→ Work order:
What do the lines say from the one containing "Renault T HIGH 440 - Тентованный грузовик: фото 1 Renault" to the end of the records? Restate them word for word, and only those.

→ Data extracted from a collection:
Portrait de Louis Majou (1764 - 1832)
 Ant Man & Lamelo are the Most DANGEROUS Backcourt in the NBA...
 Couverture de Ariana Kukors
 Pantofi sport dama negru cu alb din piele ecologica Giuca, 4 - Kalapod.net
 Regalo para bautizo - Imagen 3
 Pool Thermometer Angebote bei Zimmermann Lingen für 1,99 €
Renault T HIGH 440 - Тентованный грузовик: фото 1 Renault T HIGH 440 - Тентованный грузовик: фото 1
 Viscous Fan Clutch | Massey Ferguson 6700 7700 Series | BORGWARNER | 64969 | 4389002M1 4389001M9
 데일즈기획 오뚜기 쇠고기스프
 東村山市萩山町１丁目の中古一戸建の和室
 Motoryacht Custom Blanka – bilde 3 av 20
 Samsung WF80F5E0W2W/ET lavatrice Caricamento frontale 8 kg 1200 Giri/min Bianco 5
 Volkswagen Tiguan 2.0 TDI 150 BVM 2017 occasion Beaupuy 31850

→ Answer to this exercise:
Renault T HIGH 440 - Тентованный грузовик: фото 1 Renault T HIGH 440 - Тентованный грузовик: фото 1
 Viscous Fan Clutch | Massey Ferguson 6700 7700 Series | BORGWARNER | 64969 | 4389002M1 4389001M9
 데일즈기획 오뚜기 쇠고기스프
 東村山市萩山町１丁目の中古一戸建の和室
 Motoryacht Custom Blanka – bilde 3 av 20
 Samsung WF80F5E0W2W/ET lavatrice Caricamento frontale 8 kg 1200 Giri/min Bianco 5
 Volkswagen Tiguan 2.0 TDI 150 BVM 2017 occasion Beaupuy 31850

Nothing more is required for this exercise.